CPU Scheduler imbalance with cgroups
The scenario
Job isolation is so hot right now. Everybody has loads of giant servers and loads of jobs, but many of those jobs don’t need an entire server all to themselves. It would be way more efficient with resource usage to be able to stack a bunch of applications on the same server and let them do their thing. Ideally you don’t want any application to affect the other applications on the system, so you want to employ resource limits on the applications to ensure everybody behaves.

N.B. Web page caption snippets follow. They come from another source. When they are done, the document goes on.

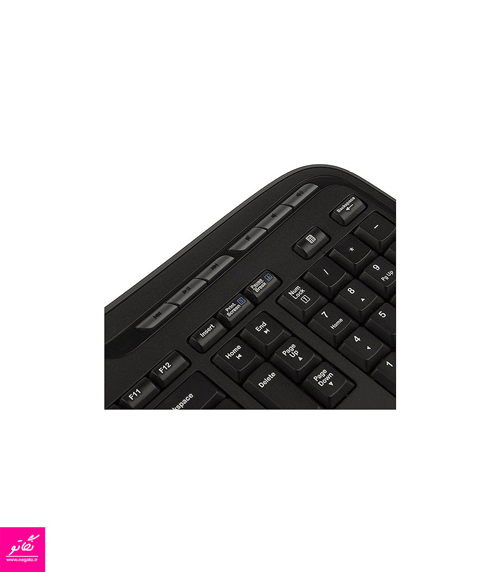 کیبورد و ماوس لاجیتک وایرلس MK330 — تصویر ۵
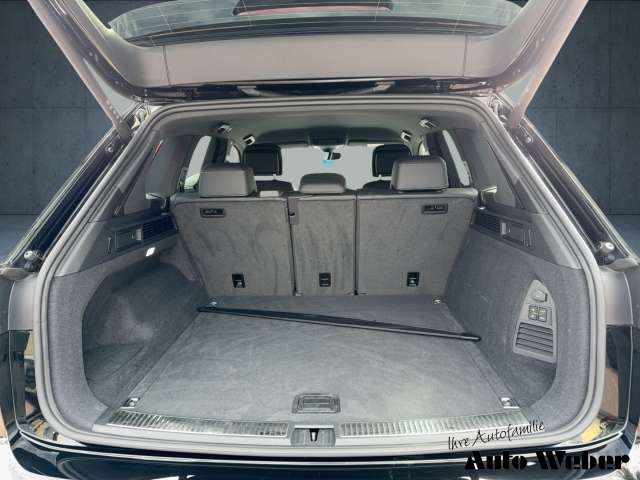 Fahrzeugbild eines Volkswagen Touareg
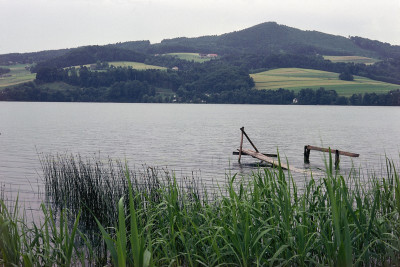 Obertrumer See, © IMAGNO/Franz Hubmann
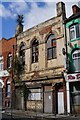 The former Albert Hall on Midland Street, Hull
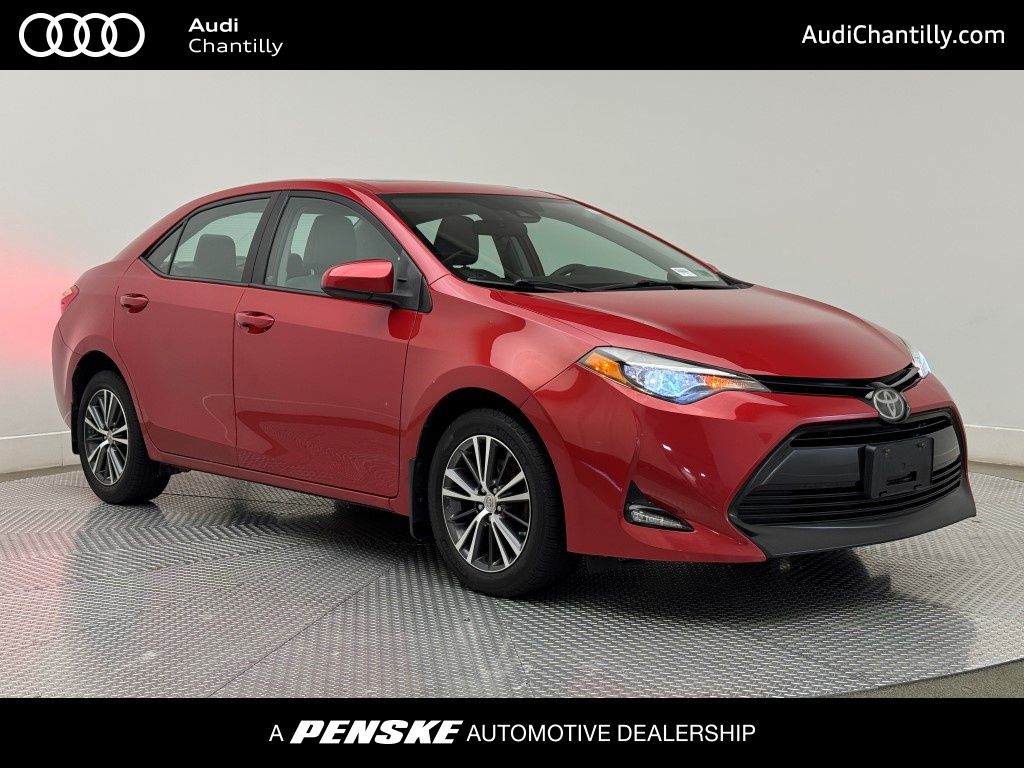 2017 Toyota Corolla LE -
                  Chantilly, VA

Enter cgroups, which allows you to put resource limits on various parts of an
applications behavior. You can limit memory usage, cpu usage, io bandwidth,
etc. In order to test that this works properly one of our teams was testing the
cpu part of this controller. They made two jobs, one that was a stress -n <#
cpus>
command, and another that was a real live application we use. The amount
of cpu time is tracked per cgroup in /sys/fs/cgroup/path/to/group/cpu.stat
in
cgroupsv2, and they noticed that the stress
group got around 50% more cpu time
than the real application, despite being given equal weight.
First things first
The first thing I needed to do was to classify our real application, because starting all of the infrastructure for this test took a lot of time and was kind of fragile. Also I needed to be able to show upstream the problem, and I couldn’t very well take our giant application and hand it to them to and tell them how to build and set it all up.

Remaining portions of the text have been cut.